■ Task objective: Restate the listing word for word; omit the images.

■ Provided data:

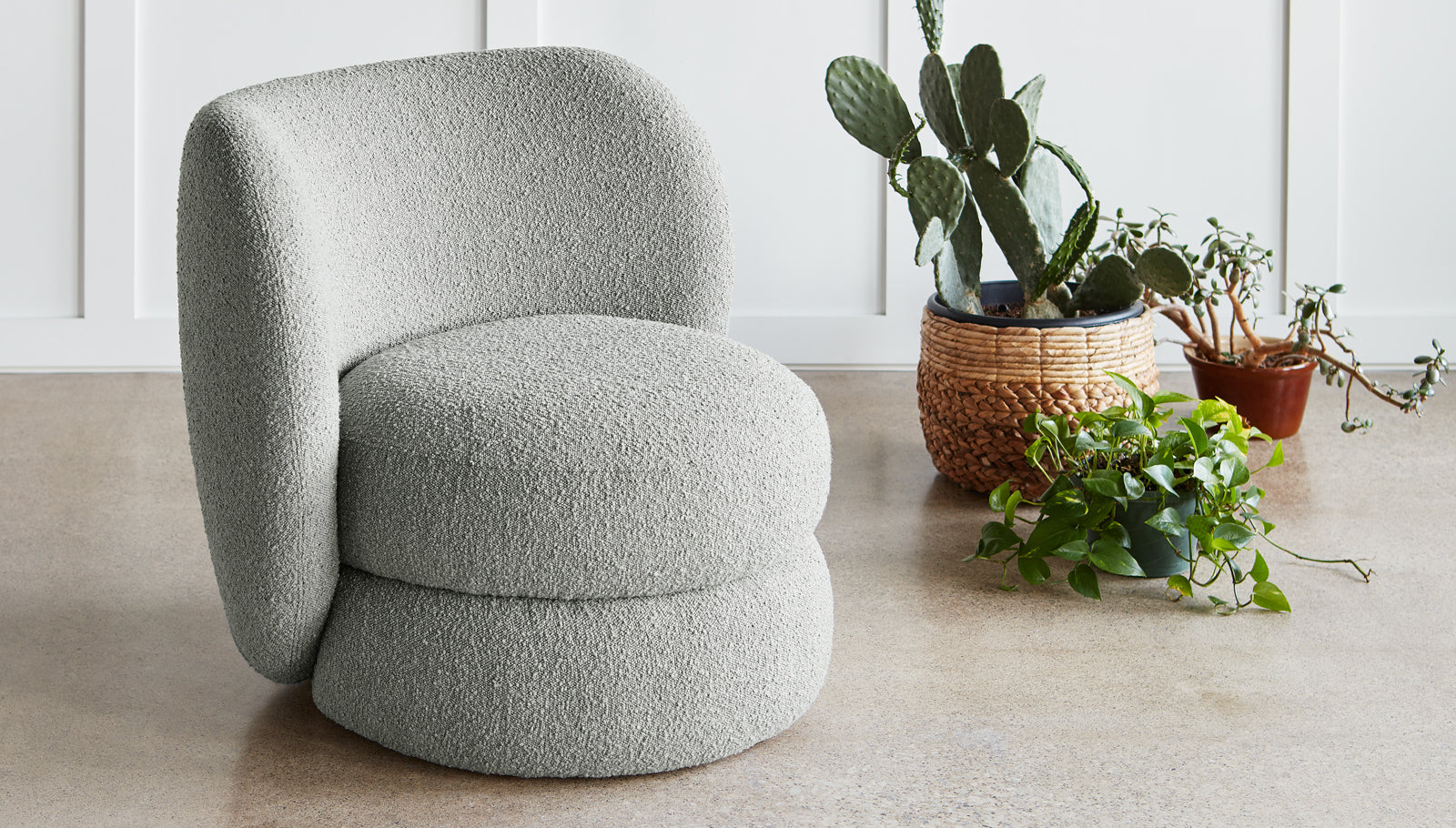 Boucle Chair Modern Pouf Chair Forme Chair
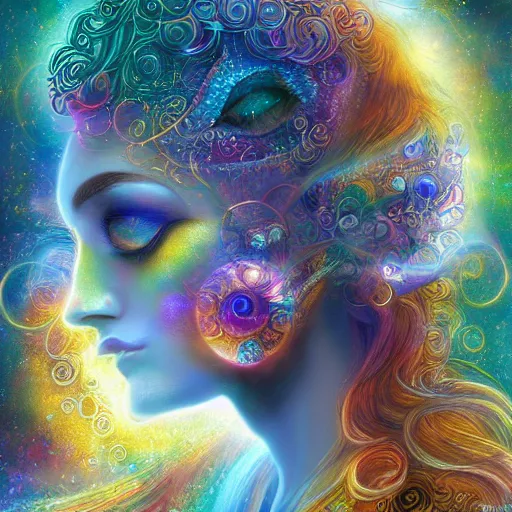 Prompt: higher consciousness spiritual awakening goddess of cosmic rivers, intricate digital painting inspired by Josephine Wall and Alex Grey, Artstation, CGsociety, Octane, Maya 3D, spiritual color palette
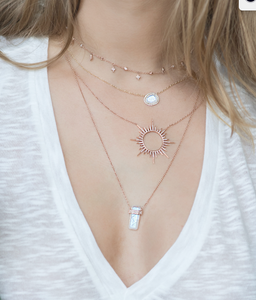 MOONSTONE CRYSTAL NECKLACE WITH 3 BANDS OF DIAMONDS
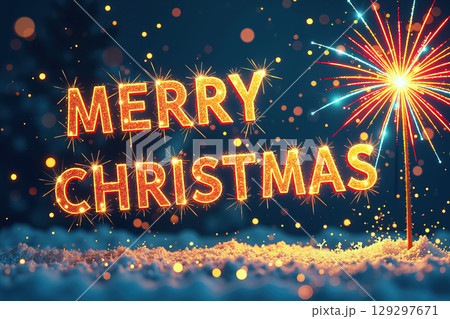Glowing Merry Christmas text with sparkles. 129297671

■ Answer section:
 Boucle Chair Modern Pouf Chair Forme Chair
 Prompt: higher consciousness spiritual awakening goddess of cosmic rivers, intricate digital painting inspired by Josephine Wall and Alex Grey, Artstation, CGsociety, Octane, Maya 3D, spiritual color palette
 MOONSTONE CRYSTAL NECKLACE WITH 3 BANDS OF DIAMONDS
Glowing Merry Christmas text with sparkles. 129297671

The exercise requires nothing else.